Mais cette règle va plus loin : elle implique de faire avec ce qui est, de prendre vraiment la réalité en compte, quelle qu’elle soit, d’accepter de s’exposer à ce qui surgit et de s’en débrouiller, dans l’instant, en public.
Cette réalité, on s’en doute, provoque des réactions, des émotions, des impulsions, parfois très vives. Faut-il tout laisser sortir en vrac ? Convient-il de se laisser emporter par le courant, quitte à ne plus vraiment savoir ce que l’on fait ? Pas vraiment. Il s’agit plutôt de prendre un peu de temps entre soi et soi pour accueillir tout ce qui vient spontanément, s’en réjouir, et … faire le tri !

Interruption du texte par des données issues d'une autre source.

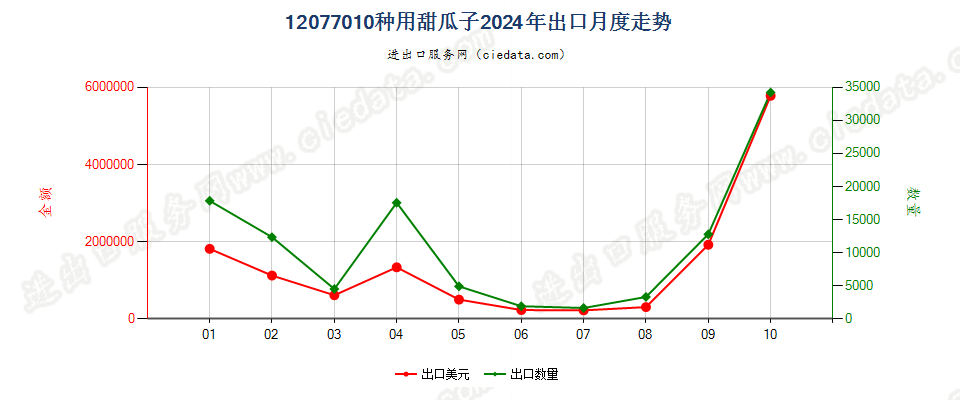 12077010种用甜瓜子出口2024年月度走势图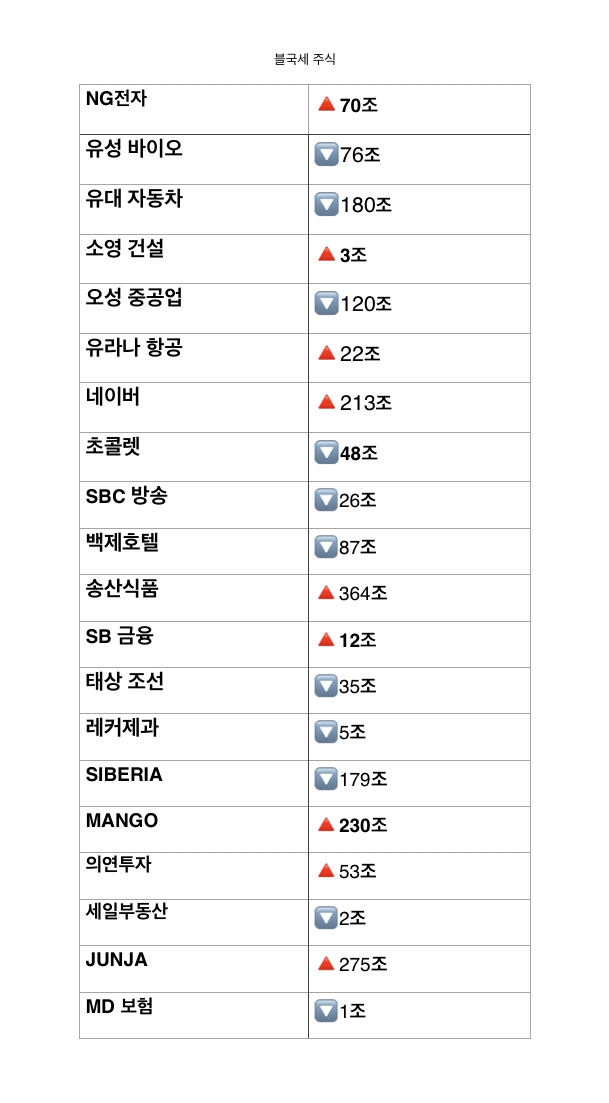 의연식품 이미지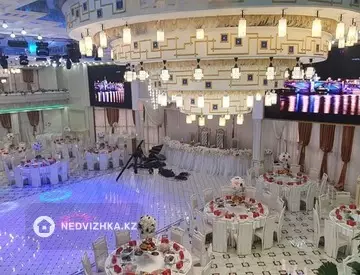Общепит, 4 этажа, Отдельно стоящее здание, 3 000 м²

Cet espace de lucidité et de liberté intérieure est l’objet d’une seconde règle fondamentale : Autant regarder ce qui surgit est immédiat, autant on s’efforce ( !) de « prendre un temps avant d’agir ». Là encore, c’est une règle, infernale il faut le dire, mais très puissante. Elle permet de développer une stabilité qui rend bien service une fois transposée sur la scène de la vie quotidienne !
Mais alors d’où vient que l’on rit, que l’on fait rire ?

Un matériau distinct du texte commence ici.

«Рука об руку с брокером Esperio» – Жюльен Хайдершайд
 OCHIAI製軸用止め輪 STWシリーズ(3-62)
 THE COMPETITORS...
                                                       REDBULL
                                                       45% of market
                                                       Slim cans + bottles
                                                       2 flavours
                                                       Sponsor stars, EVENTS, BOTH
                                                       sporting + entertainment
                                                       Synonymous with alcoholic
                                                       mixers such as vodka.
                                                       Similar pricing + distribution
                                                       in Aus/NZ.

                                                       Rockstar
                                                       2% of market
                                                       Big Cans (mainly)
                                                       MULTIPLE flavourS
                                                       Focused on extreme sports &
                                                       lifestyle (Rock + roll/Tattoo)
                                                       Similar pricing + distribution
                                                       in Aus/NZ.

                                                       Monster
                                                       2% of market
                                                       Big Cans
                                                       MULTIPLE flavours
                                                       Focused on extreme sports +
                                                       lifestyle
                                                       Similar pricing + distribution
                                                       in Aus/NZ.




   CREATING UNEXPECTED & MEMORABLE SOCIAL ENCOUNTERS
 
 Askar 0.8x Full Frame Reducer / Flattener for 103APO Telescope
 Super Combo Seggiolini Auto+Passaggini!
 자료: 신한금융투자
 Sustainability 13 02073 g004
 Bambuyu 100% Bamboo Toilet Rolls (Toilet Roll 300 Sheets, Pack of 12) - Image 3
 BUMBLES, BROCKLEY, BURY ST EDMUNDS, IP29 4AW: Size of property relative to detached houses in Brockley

Paradoxalement, le clown que nous pratiquons ne cherche pas spécialement à « faire rire ». Fondamentalement ce qui fait rire, ce qui touche, ce qui déplace, c’est de voir le clown vivre, de voir le travail qu’il fait pour être Présent, pour se débrouiller de ce qu’il vit, de ses émotions, de ses pannes, de ses désirs.
Et si l’on peut rire, d’un rire plein de légèreté, c’est que l’on ne rit pas du clown (cela mettrait plutôt mal à l’aise), mais avec le clown qui tente d’avoir la conscience la plus grande possible de ce qu’il donne à voir, y compris ce qui, de prime abord, lui échappe.
Et l’on rit beaucoup, en empathie avec cet humain qui fait, comme chacun de nous, ce qu’il peut.
Mais alors, s’agit-il d’une pratique artistique ou de « développement personnel » ?
Euh, Ben… Une pratique artistique, si elle est exigeante, est toujours l’occasion de changements importants pour les personnes. Pratiquer le clown nous fait grandir, c’est sûr, mais dans quelle direction ?
Notre travail, clairement, ne se veut pas « thérapeutique ». Sauf à admettre que la conscience, la bienveillance et l’humour sont des ingrédients nécessaires du bien être individuel et collectif ! Le clown, comme nous le pratiquons, aide plutôt faire avec ce que l’on est, plutôt qu’à fabriquer des personnes performantes et rutilantes !
Bienvenue dans le monde cabossé, chaleureux et ouvert des Nez Fastes.